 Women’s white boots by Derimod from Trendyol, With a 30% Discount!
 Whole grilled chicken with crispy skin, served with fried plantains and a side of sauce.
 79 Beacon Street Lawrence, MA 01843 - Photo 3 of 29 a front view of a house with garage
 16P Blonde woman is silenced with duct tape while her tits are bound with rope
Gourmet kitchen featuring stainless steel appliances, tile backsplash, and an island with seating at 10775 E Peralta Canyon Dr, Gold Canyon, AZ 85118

=======

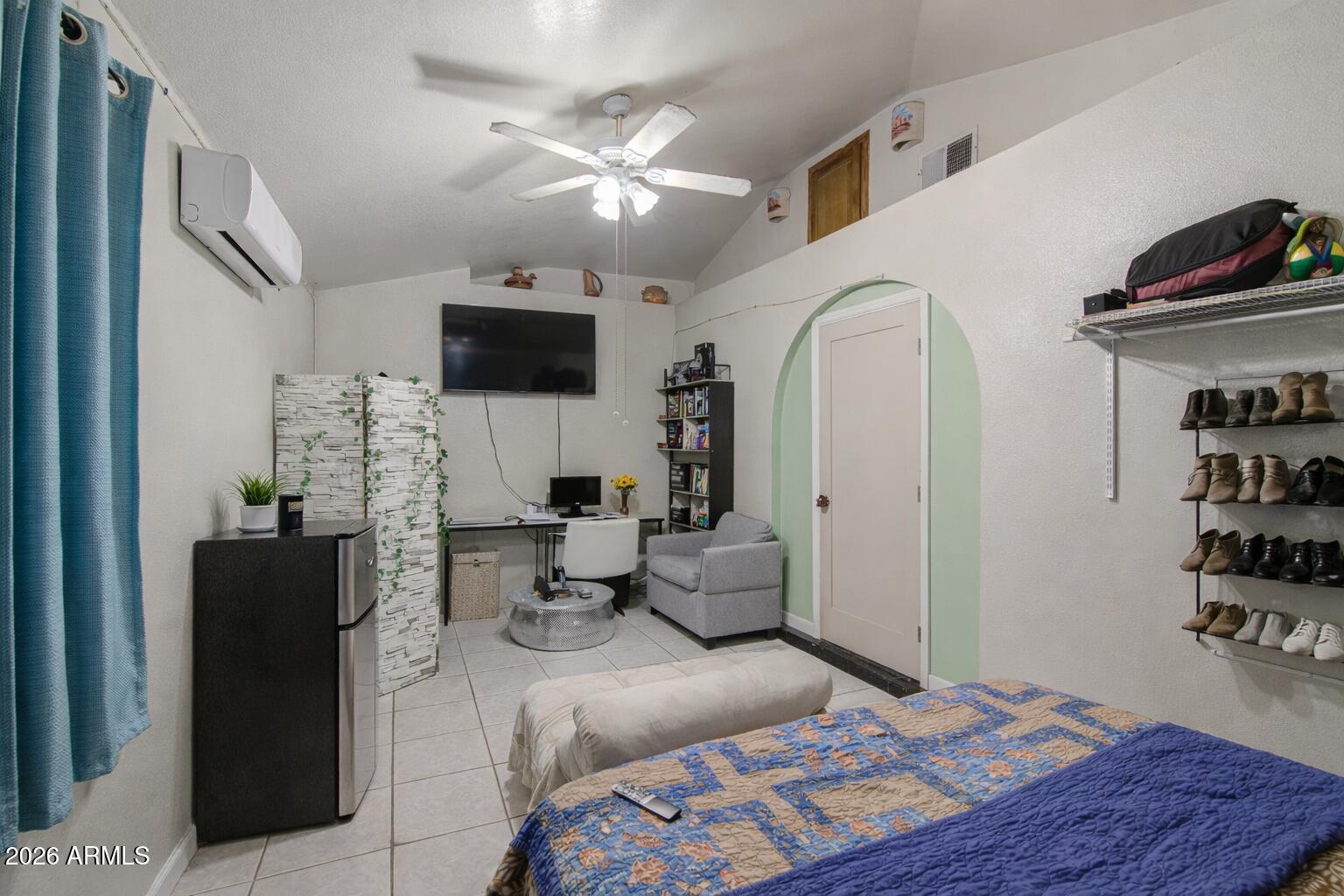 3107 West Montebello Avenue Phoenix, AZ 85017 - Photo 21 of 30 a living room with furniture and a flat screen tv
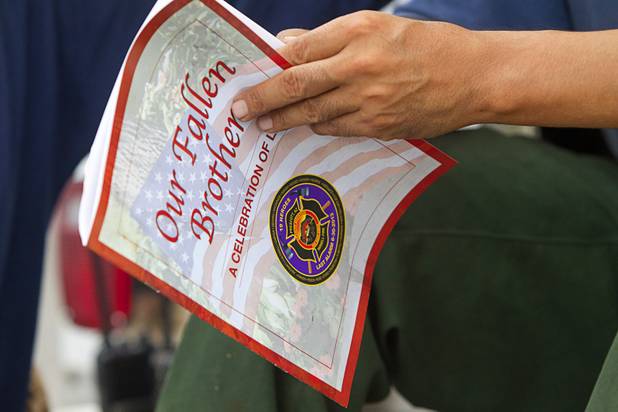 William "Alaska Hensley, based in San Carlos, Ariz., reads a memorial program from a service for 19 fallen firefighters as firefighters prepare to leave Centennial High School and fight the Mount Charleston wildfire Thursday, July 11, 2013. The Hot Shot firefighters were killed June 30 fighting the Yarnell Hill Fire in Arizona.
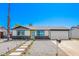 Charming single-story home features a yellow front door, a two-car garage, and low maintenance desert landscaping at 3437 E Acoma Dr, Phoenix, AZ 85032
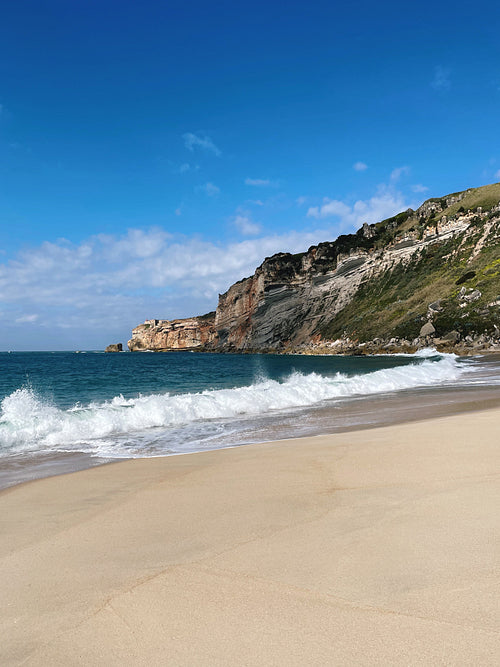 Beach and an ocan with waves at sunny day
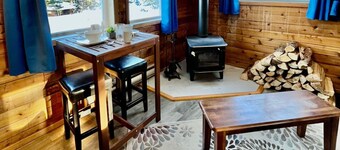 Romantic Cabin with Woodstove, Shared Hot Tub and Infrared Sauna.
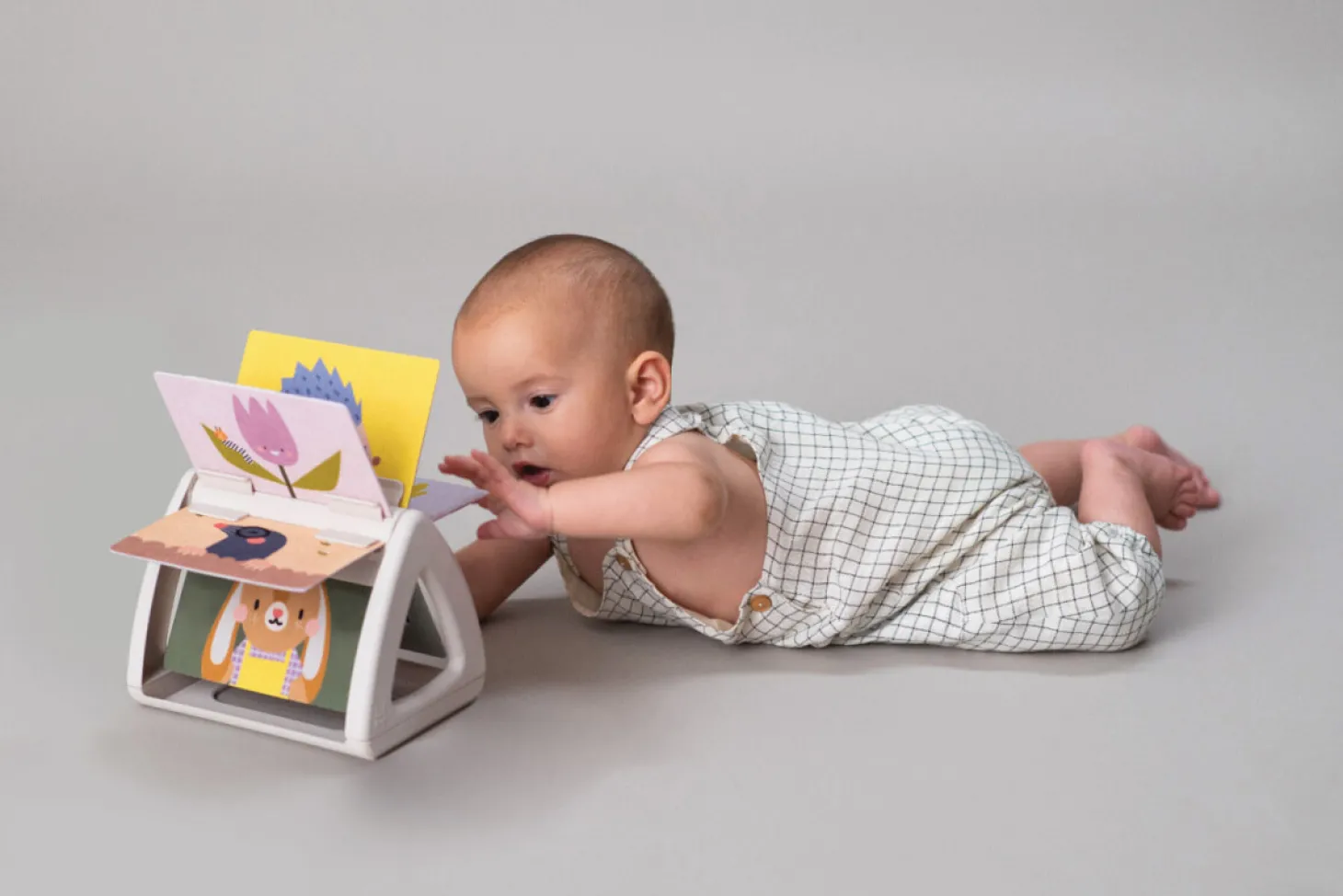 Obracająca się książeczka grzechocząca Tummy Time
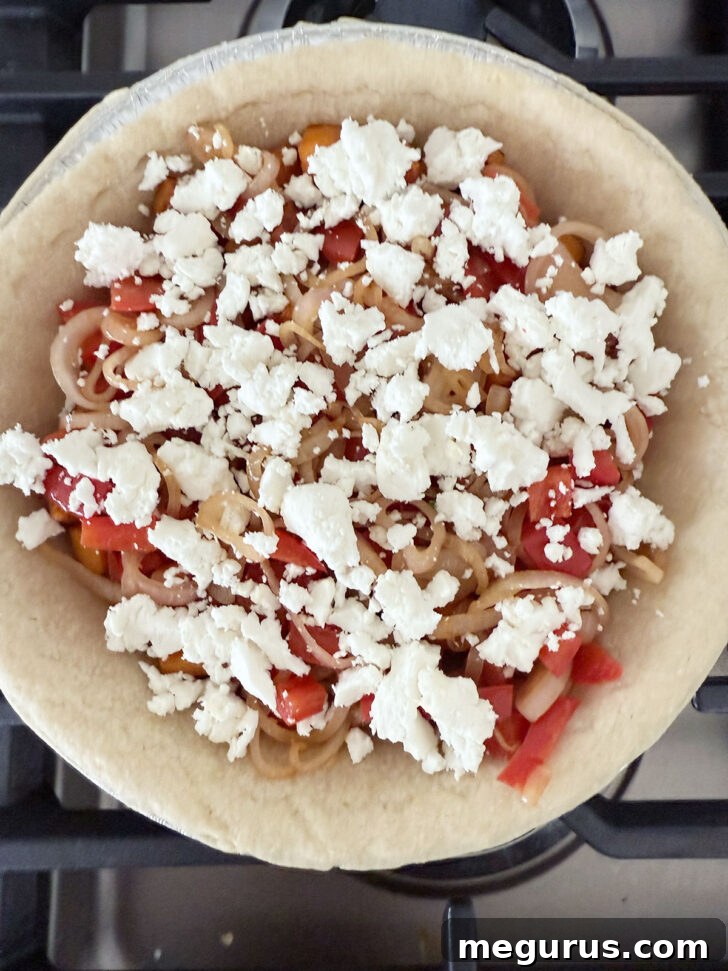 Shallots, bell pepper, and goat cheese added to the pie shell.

=======

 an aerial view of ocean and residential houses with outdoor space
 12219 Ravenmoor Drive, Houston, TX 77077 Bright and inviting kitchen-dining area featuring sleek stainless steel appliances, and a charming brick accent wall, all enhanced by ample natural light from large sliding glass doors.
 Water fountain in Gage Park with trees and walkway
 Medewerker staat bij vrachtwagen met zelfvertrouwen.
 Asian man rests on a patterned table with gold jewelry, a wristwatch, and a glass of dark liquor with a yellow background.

=======

▸ **PROBLEM DETAILS**
Considering only the material above, set down every line from the one with "16P Blonde woman" to the one with "Gourmet kitchen featuring", inclusive, exactly as written.

▸ **COMPLETED EXERCISE**
 16P Blonde woman is silenced with duct tape while her tits are bound with rope
Gourmet kitchen featuring stainless steel appliances, tile backsplash, and an island with seating at 10775 E Peralta Canyon Dr, Gold Canyon, AZ 85118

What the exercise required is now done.